Suppose we have an ANOVA model, and we would like to compare means between one group and another group. This is commonly done with the estimate statement in SAS. Let’s look at a simple example using a data set called https://stats.idre.ucla.edu/wp-content/uploads/2016/02/elemapi2.sas7bdat . The dependent variable is the school’s API index (a continuous variable). The variables mealcat and collcat are categorical variables, both with three levels. These will be used as the predictor variables. This model is shown below. We have included the lsmeans statement to get the expected means for each group. This can be helpful if you want to calculate the contrast estimate by hand.

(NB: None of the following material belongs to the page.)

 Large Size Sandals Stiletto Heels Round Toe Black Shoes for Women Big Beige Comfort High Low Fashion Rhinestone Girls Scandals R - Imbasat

proc glm data = elemapi2; class collcat mealcat; model api00 = collcat mealcat collcat*mealcat/ss3; lsmeans collcat*mealcat; run; quit;Least Squares Means collcat mealcat api00 LSMEAN 1 1 816.914286 1 2 589.350000 1 3 493.918919 2 1 825.651163 2 2 636.604651 2 3 508.833333 3 1 782.150943 3 2 655.637681 3 3 541.733333
Let’s say that we want to look at a simple comparison of group 1 versus 2 and above of collcat when mealcat = 1. One way of doing this using proc glm with estimate statement. We use the e option on the estimate statement to have SAS print out the contrast coefficients that are applied to each group.

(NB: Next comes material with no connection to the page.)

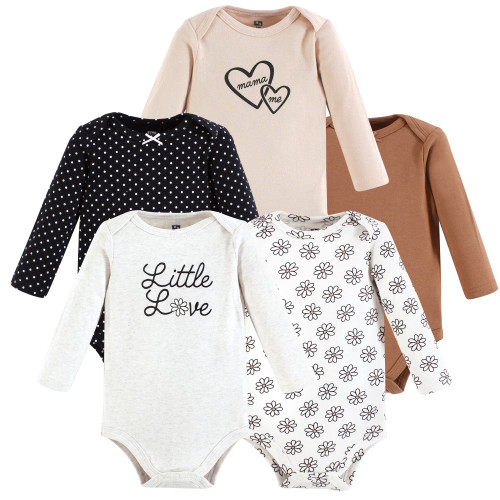 Hudson Baby Unisex Baby Cotton Long-Sleeve Bodysuits 5-Pack, Little Love Neutral Daisy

proc glm data = elemapi2; class collcat mealcat; model api00 = collcat mealcat collcat*mealcat/ss3; estimate 'collcat 1 vs 2+ within mealcat = 1' collcat 1 -.5 -.5 collcat*mealcat 1 0 0 -.5 0 0 -.5 0 0 / e; run; quit;
While this estimate statement will run the analysis we want, it is a little difficult to write. Another way of accomplishing the same thing is to use a cell means model. A cell means model estimates only one parameter for each cell and sets the intercept to 0. In general, the cell means model is not used to produce an overall test of model fit, but it is often used to write simpler estimate or contrast statements. So, in practice, we need to write the proc glm code twice, once for the model fit and the second time for the estimates or contrasts. In the code shown below, the first proc glm is for model fit and the second one with the estimate statement is used to estimate the simple comparison. We use the ss3 option to limit the output to only the Type III sums of squares.

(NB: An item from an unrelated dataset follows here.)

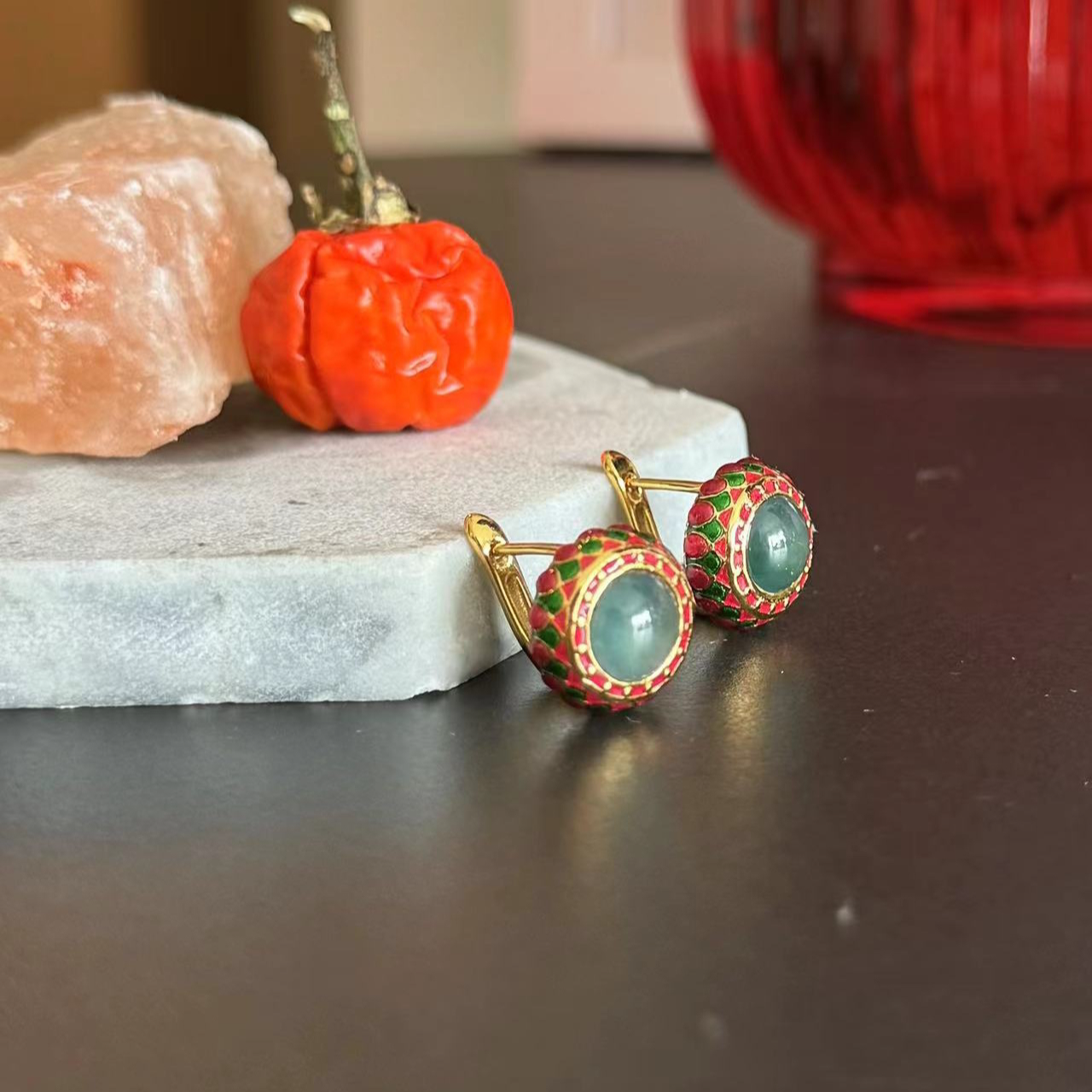 【一千零一夜】豹豹法式 蓝水翡翠耳饰 彩色 耳钉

In the second call to proc glm, which is a cell means model, the main effects are omitted; only the interaction is included in the model. We use the noint option on the model statement to specify that we are not going to estimate the intercept; therefore, we will estimate one parameter per cell. We use the e option to show us the contrast codes that were used. This is a useful way to be sure that the contrast codings were assigned as you intended.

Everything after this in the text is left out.